§ EXERCISE
Without the images, reproduce every entry exactly.

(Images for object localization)
══════

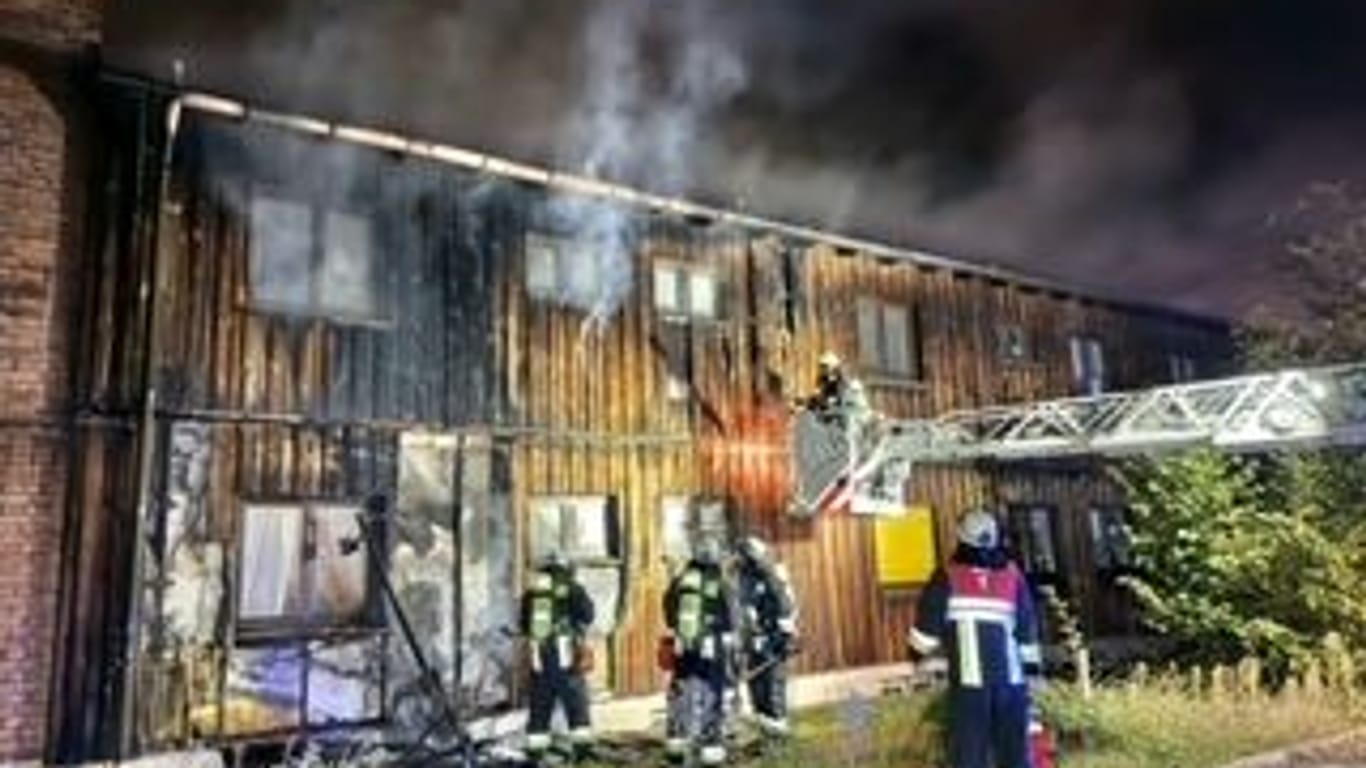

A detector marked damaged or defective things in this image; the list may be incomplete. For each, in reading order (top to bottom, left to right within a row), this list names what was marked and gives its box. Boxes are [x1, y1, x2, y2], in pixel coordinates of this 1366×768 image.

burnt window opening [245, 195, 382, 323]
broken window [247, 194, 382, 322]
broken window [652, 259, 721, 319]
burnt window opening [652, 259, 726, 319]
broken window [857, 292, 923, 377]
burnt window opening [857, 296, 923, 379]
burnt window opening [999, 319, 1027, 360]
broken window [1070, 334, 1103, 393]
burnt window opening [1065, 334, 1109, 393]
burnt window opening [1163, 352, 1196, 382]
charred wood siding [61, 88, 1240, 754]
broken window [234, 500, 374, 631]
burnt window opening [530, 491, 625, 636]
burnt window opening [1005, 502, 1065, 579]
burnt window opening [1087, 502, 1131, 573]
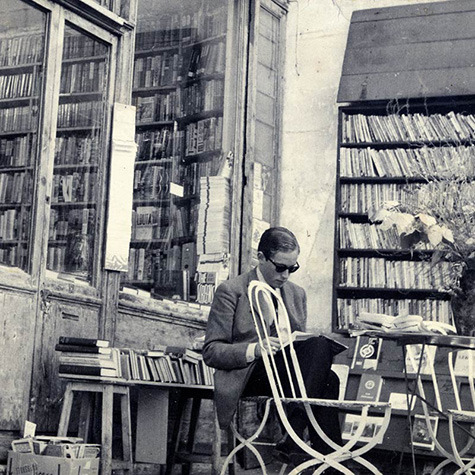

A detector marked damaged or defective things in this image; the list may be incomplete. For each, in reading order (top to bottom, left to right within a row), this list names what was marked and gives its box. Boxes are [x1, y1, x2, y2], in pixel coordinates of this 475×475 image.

══════

§ RESULT BELOW
A detector marked damaged or defective things in this image; the list may be incomplete. For each, in reading order (top to bottom, left to right within a row), this list names what was marked and gives its box. Boxes are [x1, y1, x2, y2], in pixel coordinates of this 1366×768 image.

burnt window opening [245, 195, 382, 323]
broken window [247, 194, 382, 322]
broken window [652, 259, 721, 319]
burnt window opening [652, 259, 726, 319]
broken window [857, 292, 923, 377]
burnt window opening [857, 296, 923, 379]
burnt window opening [999, 319, 1027, 360]
broken window [1070, 334, 1103, 393]
burnt window opening [1065, 334, 1109, 393]
burnt window opening [1163, 352, 1196, 382]
charred wood siding [61, 88, 1240, 754]
broken window [234, 500, 374, 631]
burnt window opening [530, 491, 625, 636]
burnt window opening [1005, 502, 1065, 579]
burnt window opening [1087, 502, 1131, 573]

A detector marked damaged or defective things in this image; the list may be incomplete. For each, in reading order (top to bottom, left to right within a row), this list names what was marked and gives its box. Boxes are [x1, y1, x2, y2], in pixel coordinates of this 475×475 image.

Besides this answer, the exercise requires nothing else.